Four Scenarios, One Choice

The Social Cost-Benefit Analysis (SCBA) compared four scenarios for the Dutch agri-food system leading up to 2050:

  1. Business-as-Usual – Continuing on the current path, with rising costs for nature, climate, and health.

  2. Limited Sustainability – Incremental improvements, but insufficient to reverse ecological and societal damage.

  3. Regenerative and Organic Agriculture – A focus on soil health, biodiversity, and circularity, resulting in significantly lower societal costs.

  4. Maximum System Transition – A radical new food system that remains entirely within ecological boundaries and maximizes societal benefits.

The results are clear: only an ambitious shift toward regenerative and organic agriculture makes the system economically, ecologically, and socially viable.

The Foundational Principle: New Values for a Healthy Food System

Figures alone change nothing. They provide urgency but not direction. That is why we are introducing the Foundational Principle (Het Grondbeginsel): a moral and structural compass for the future of our agriculture.

The Foundational Principle defines what we stand for:

  • Healthy Soils: Ending depletion and contamination in favor of restoration and fertility.

  • Clean Water: Water that is drinkable, swimmable, and free from pollution.

  • Fair Incomes for Farmers: Ensuring a dignified existence, autonomy, and appreciation for their work.

  • Balance with Nature: Agriculture and biodiversity working alongside each other, not against each other.

  • Intergenerational Responsibility: No longer passing the bill to future generations.

The Foundational Principle is intended as a collective promise, reaffirmed annually by farmers, supply chain partners, policymakers, and citizens. It is not a suggestion, but a guiding and verifiable standard.

From Analysis to Actionable Pathways

Together, the SCBA report and the Foundational Principle form the basis for the next phase: moving from words to deeds.

  • Policy and Legislation: Providing a moral foundation for sustainable and future-proof policy.

  • Supply Chain Agreements: Creating new contracts and business models that offer farmers certainty and reward sustainability.

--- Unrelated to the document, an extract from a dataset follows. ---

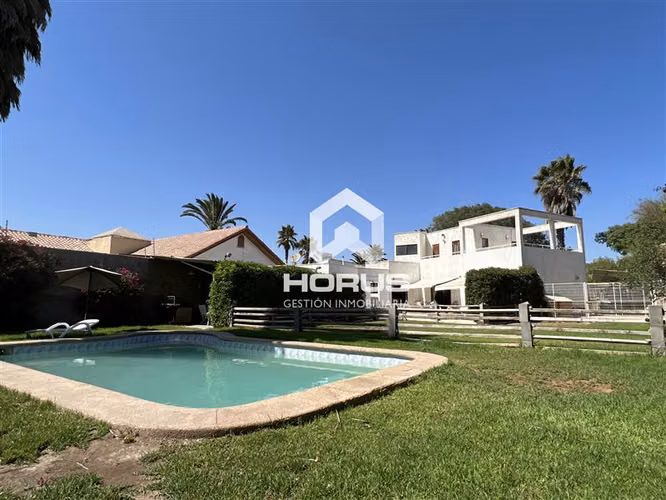 Exclusiva casa en sector Parque Schneider — Copiapó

  • Financing: Establishing investment agendas for farmers and supply chains seeking to transition.

  • Transparency: Implementing clear monitoring of costs, benefits, and progress to ensure choices are measurable and accountable.

Coalition of the Willing: Building Change Together

We have begun forming a Coalition of the Willing: a broad group of companies, NGOs, government bodies, and financiers who share this sense of urgency and are working together on concrete action. This coalition will translate scenarios and principles into:

  1. Practical Pilots demonstrating new business models and supply chain agreements.

  2. Policy Proposals for fair pricing, environmental impact taxation, and transition support.

  3. Communication Campaigns that highlight both the societal urgency and the pathways for action.

The Outcome

By combining hard data with clear principles, we are building:

  • A widely supported roadmap for a healthy agricultural and food system.

  • Reduced societal costs for nature, climate, and health.

  • New revenue models for farmers and supply chain partners.

  • A solid foundation for future-proof policy and regulation.

The result is an agricultural system that is healthy for farmers, citizens, nature, and future generations.